PROBLEM STATEMENT: Copy every entry word for word, but skip the pictures.

[[ DATASET RECORDS open ]]

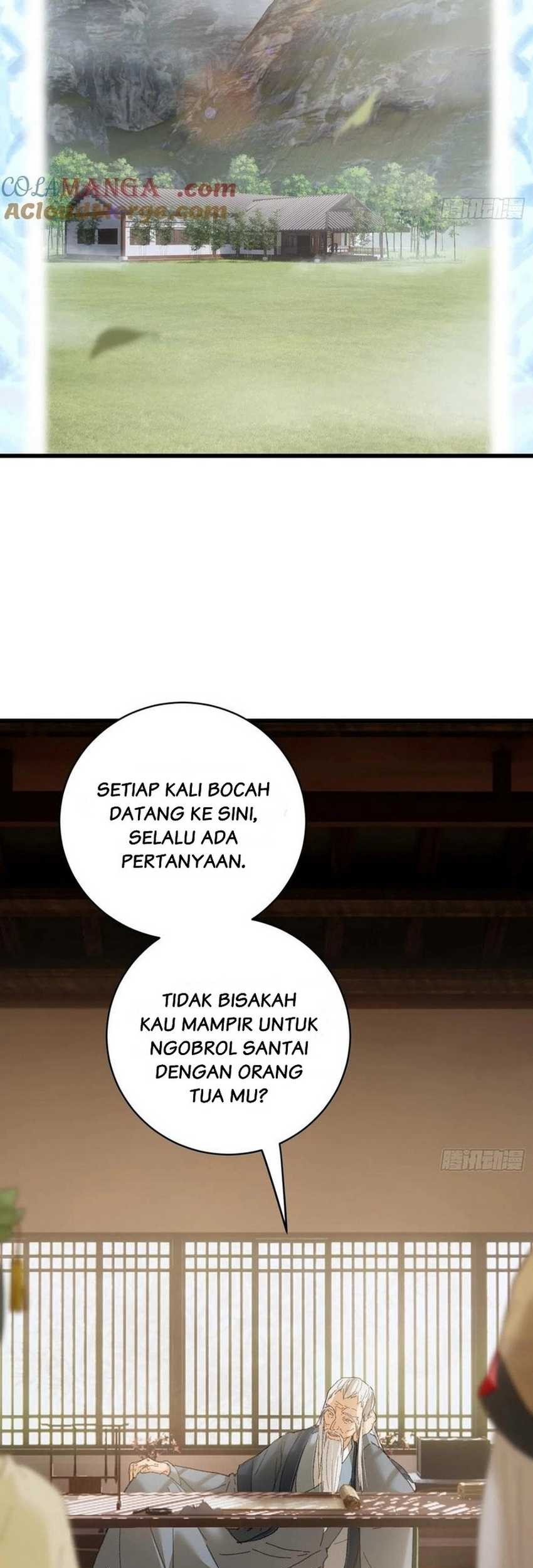 Counterattacking System Available At The Grand Ascension Stage Chapter 31 Gambar 34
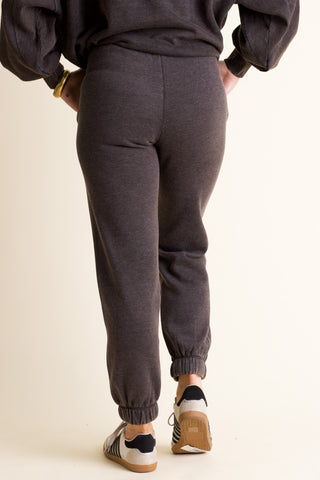 Movie Night Acid Wash Joggers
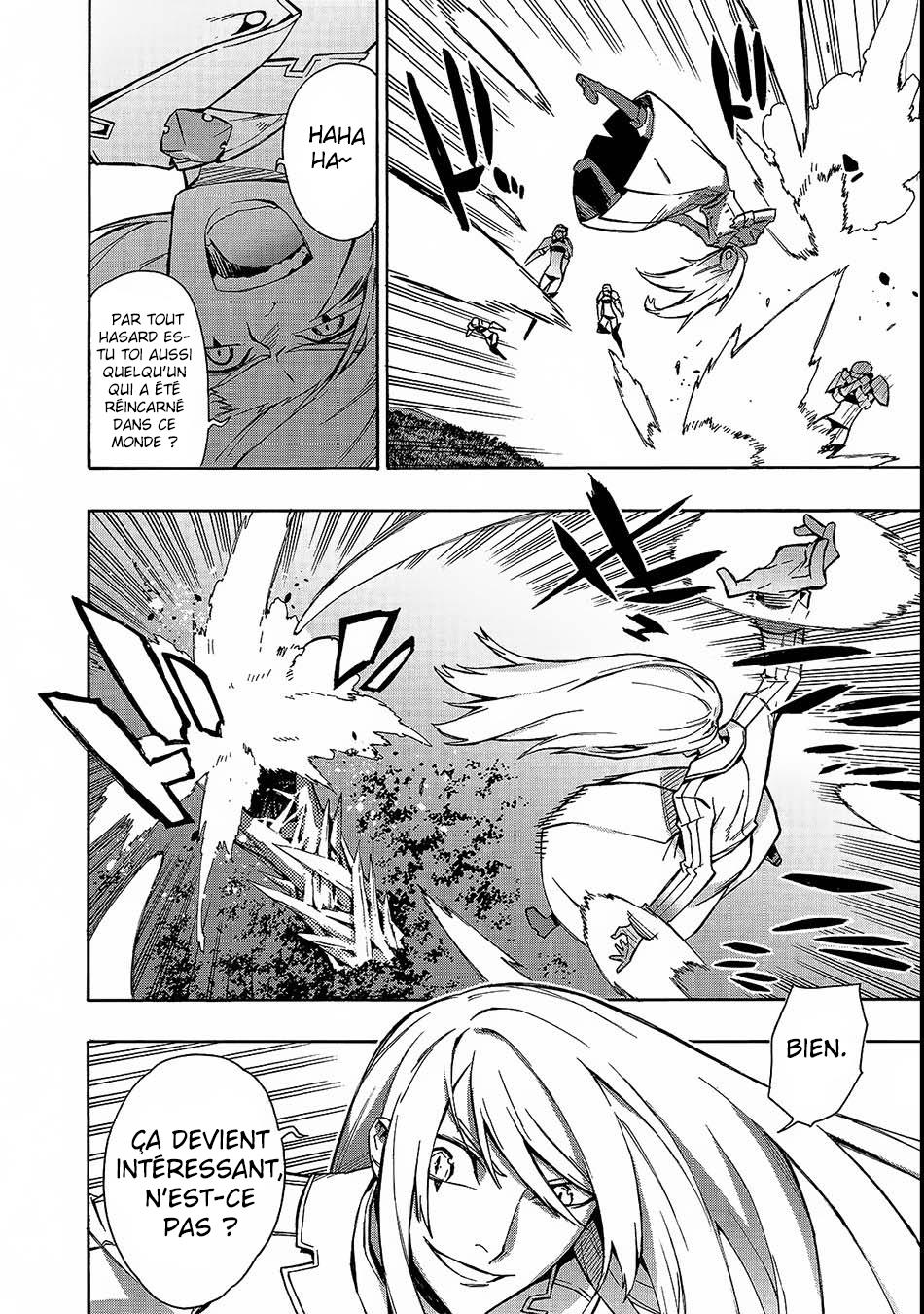 Read Kuro no Shoukanshi FR Manga Online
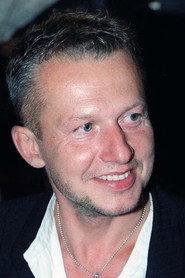 Bogusław Linda as Dr. Nowak in Gorky Resort 2026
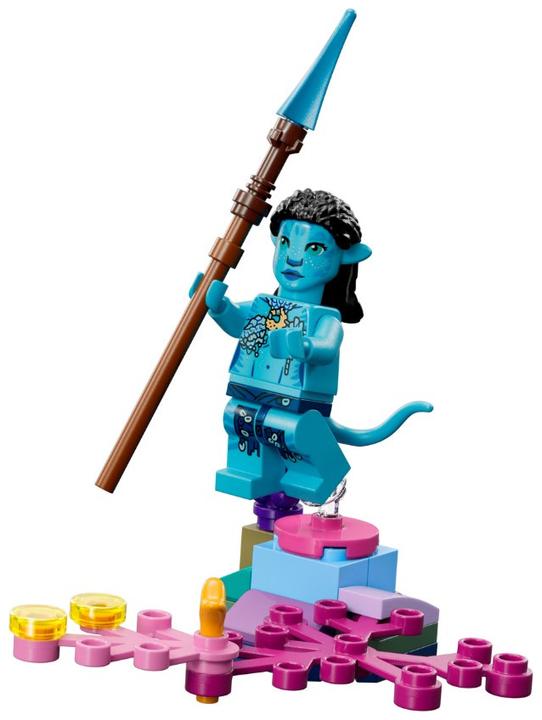 Actual product image LEGO 75575 Confidential (75575, LEGO Avatar)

[[ DATASET RECORDS closed ]]

EXERCISE OUTPUT:
 Counterattacking System Available At The Grand Ascension Stage Chapter 31 Gambar 34
 Movie Night Acid Wash Joggers
 Read Kuro no Shoukanshi FR Manga Online
 Bogusław Linda as Dr. Nowak in Gorky Resort 2026
 Actual product image LEGO 75575 Confidential (75575, LEGO Avatar)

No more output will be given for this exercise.